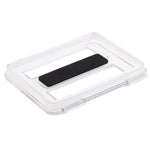 Boîtier rigide avec porte arrière ouverte pour GoPro Hero 4 / 3+, couvercle de boîtier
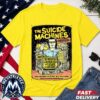 Phish Summer Tour 2026 At The Madison Square Garden 5 Nights On July 22th 24th And 25th 27th 29th 2026 In New York Premium T-Shirt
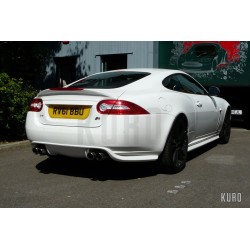 Quicksilver Jaguar XK 5.0 Cat-back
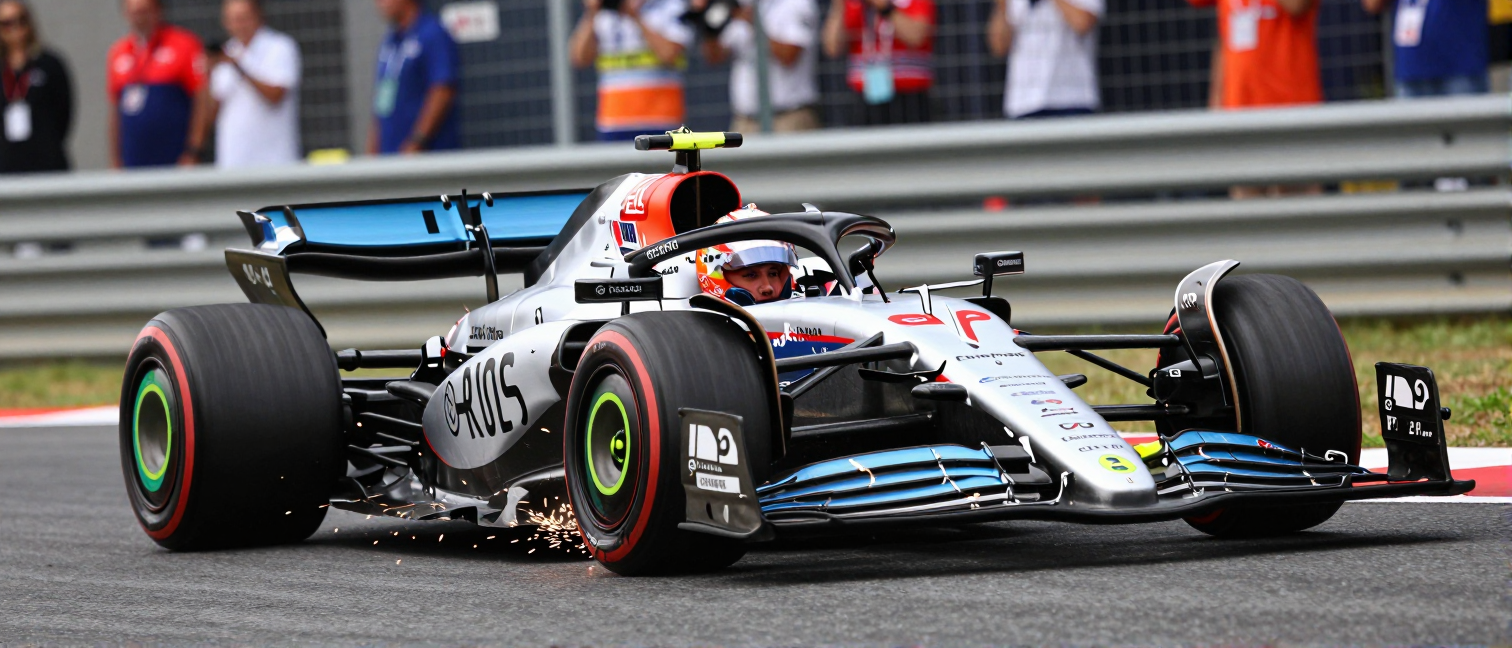 Charles Leclerc Admits Ferrari Fell Short at Belgian Grand Prix Qualifying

____________

WHAT YOU NEED TO DO: Omit the pictures, then retype the remaining material without a single change.

COMPLETED TASK:
 Boîtier rigide avec porte arrière ouverte pour GoPro Hero 4 / 3+, couvercle de boîtier
 Phish Summer Tour 2026 At The Madison Square Garden 5 Nights On July 22th 24th And 25th 27th 29th 2026 In New York Premium T-Shirt
 Quicksilver Jaguar XK 5.0 Cat-back
 Charles Leclerc Admits Ferrari Fell Short at Belgian Grand Prix Qualifying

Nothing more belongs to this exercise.